• _What this task involves_
Copy every entry below exactly as it appears, leaving out the images.

Web page caption snippets:
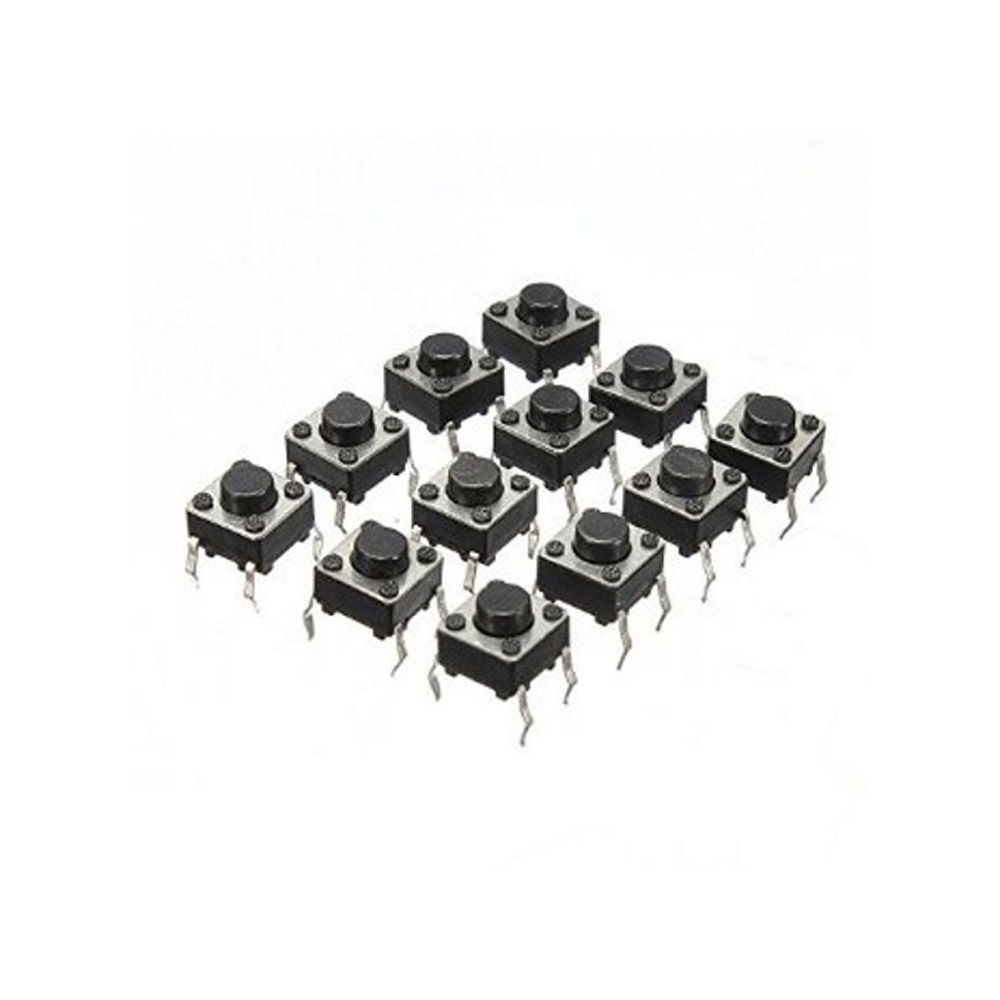 1000 Boutons miniatures / Interrupteurs 6x6x4,3mm – Image 2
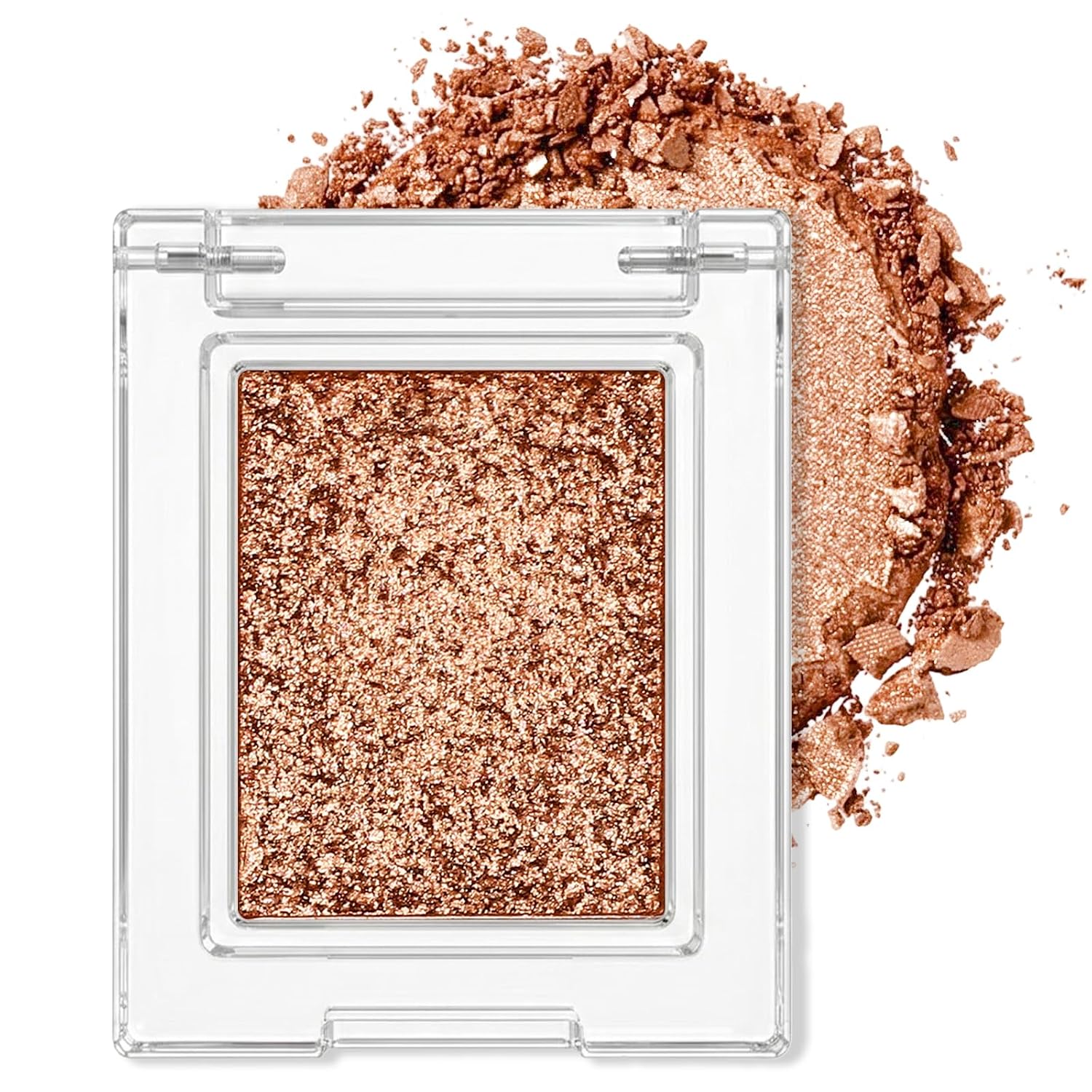 Erinde Bronze Gold Brown Glitter Eye Shadow Palette Makeup, Shimmer Eyeshadow Palette, High Pigment Mini Monochrome Eyeshadow, Cream Sombras de Ojos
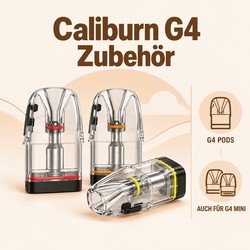 Uwell Caliburn G4 Zubehör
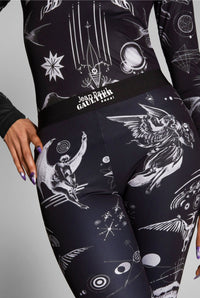 Legging JPG x Sacai imprimé - Black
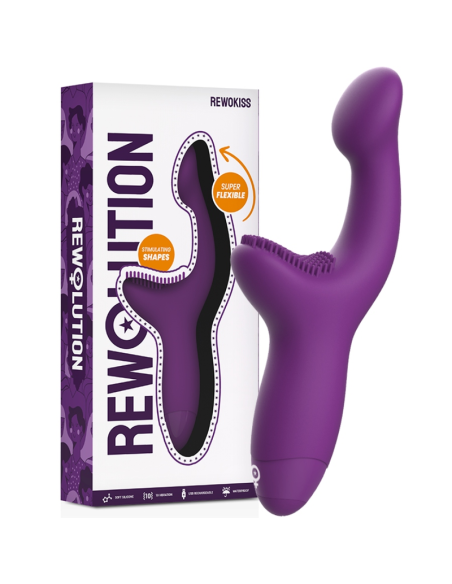 Rewolution - Rewokiss Vibrador Estimulador Punto A: Placer Doble y Potente para Mujeres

• _Output of the exercise_
 1000 Boutons miniatures / Interrupteurs 6x6x4,3mm – Image 2
 Erinde Bronze Gold Brown Glitter Eye Shadow Palette Makeup, Shimmer Eyeshadow Palette, High Pigment Mini Monochrome Eyeshadow, Cream Sombras de Ojos
 Uwell Caliburn G4 Zubehör
 Legging JPG x Sacai imprimé - Black
 Rewolution - Rewokiss Vibrador Estimulador Punto A: Placer Doble y Potente para Mujeres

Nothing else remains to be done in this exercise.